Data: Begin

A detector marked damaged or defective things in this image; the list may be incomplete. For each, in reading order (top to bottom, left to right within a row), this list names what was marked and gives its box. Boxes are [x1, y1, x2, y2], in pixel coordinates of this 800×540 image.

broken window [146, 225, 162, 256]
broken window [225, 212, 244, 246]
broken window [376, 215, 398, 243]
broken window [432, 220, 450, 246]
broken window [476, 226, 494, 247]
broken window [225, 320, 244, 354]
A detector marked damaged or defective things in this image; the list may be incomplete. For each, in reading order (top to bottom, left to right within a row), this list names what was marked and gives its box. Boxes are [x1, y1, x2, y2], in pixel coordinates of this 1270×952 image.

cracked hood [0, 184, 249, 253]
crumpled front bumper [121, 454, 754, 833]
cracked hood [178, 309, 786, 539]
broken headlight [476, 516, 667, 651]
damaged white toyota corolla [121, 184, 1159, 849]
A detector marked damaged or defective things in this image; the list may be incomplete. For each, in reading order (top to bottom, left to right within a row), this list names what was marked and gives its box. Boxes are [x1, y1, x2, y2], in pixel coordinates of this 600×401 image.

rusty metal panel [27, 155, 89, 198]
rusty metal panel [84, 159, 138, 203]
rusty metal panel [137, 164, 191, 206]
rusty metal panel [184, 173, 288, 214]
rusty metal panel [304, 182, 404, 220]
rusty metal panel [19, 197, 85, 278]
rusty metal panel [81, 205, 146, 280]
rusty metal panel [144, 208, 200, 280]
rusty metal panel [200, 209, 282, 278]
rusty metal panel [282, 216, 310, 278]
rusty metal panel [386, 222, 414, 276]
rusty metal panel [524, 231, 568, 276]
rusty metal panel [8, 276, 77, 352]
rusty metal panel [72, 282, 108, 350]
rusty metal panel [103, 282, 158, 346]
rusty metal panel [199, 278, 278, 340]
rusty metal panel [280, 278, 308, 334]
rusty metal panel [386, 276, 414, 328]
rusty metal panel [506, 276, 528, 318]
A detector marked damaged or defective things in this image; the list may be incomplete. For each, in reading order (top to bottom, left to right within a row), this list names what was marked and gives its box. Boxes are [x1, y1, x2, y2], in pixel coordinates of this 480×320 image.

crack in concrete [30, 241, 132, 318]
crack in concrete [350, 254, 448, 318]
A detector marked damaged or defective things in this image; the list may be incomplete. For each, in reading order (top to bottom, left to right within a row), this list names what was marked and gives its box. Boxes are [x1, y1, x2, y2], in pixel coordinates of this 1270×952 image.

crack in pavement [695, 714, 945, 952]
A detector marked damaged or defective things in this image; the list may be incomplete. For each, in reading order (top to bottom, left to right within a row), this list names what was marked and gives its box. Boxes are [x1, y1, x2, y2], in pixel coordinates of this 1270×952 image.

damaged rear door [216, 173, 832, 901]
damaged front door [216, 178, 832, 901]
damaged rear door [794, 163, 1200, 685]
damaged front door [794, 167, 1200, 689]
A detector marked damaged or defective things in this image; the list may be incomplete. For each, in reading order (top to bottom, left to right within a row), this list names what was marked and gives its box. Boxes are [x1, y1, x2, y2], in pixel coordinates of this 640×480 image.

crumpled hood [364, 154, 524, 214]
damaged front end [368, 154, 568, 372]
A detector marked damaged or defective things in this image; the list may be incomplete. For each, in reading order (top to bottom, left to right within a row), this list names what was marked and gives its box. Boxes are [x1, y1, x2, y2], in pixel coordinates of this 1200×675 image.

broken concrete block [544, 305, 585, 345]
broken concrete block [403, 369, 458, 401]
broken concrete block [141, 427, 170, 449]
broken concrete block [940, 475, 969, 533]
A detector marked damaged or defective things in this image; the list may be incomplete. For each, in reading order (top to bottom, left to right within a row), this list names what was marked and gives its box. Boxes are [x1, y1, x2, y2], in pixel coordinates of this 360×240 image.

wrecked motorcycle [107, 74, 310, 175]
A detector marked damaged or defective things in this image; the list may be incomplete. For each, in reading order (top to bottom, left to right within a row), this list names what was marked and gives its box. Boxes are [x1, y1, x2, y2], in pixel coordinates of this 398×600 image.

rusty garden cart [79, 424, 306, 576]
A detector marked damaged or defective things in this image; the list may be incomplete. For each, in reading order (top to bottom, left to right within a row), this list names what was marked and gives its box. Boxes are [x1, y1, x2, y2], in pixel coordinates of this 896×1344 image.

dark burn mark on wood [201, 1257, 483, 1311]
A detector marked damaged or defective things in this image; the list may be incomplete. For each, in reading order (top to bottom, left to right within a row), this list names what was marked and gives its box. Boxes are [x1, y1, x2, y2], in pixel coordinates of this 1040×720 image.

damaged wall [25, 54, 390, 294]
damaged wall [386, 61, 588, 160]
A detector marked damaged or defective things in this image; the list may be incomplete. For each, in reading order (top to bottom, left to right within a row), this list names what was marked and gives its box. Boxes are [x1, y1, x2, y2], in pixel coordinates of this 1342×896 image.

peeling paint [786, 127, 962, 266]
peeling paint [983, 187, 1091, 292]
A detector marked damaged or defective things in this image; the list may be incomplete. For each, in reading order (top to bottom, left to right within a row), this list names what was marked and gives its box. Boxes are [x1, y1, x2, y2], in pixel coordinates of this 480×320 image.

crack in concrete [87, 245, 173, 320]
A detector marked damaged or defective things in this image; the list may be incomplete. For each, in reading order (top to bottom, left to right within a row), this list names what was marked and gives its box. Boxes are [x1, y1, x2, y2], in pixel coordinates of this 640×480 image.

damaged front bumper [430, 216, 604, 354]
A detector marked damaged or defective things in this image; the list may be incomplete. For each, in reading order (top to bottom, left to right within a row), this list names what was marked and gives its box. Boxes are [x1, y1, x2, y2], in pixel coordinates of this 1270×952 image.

Data: End

Work to complete: Starting at the line in the records above that contains "this 1342×896 image.", output every line up to and including the last one, with nothing added.

Response box:
A detector marked damaged or defective things in this image; the list may be incomplete. For each, in reading order (top to bottom, left to right within a row), this list names what was marked and gives its box. Boxes are [x1, y1, x2, y2], in pixel coordinates of this 1342×896 image.

peeling paint [786, 127, 962, 266]
peeling paint [983, 187, 1091, 292]
A detector marked damaged or defective things in this image; the list may be incomplete. For each, in reading order (top to bottom, left to right within a row), this list names what was marked and gives its box. Boxes are [x1, y1, x2, y2], in pixel coordinates of this 480×320 image.

crack in concrete [87, 245, 173, 320]
A detector marked damaged or defective things in this image; the list may be incomplete. For each, in reading order (top to bottom, left to right within a row), this list names what was marked and gives its box. Boxes are [x1, y1, x2, y2], in pixel coordinates of this 640×480 image.

damaged front bumper [430, 216, 604, 354]
A detector marked damaged or defective things in this image; the list may be incomplete. For each, in reading order (top to bottom, left to right within a row), this list names what was marked and gives its box. Boxes are [x1, y1, x2, y2], in pixel coordinates of this 1270×952 image.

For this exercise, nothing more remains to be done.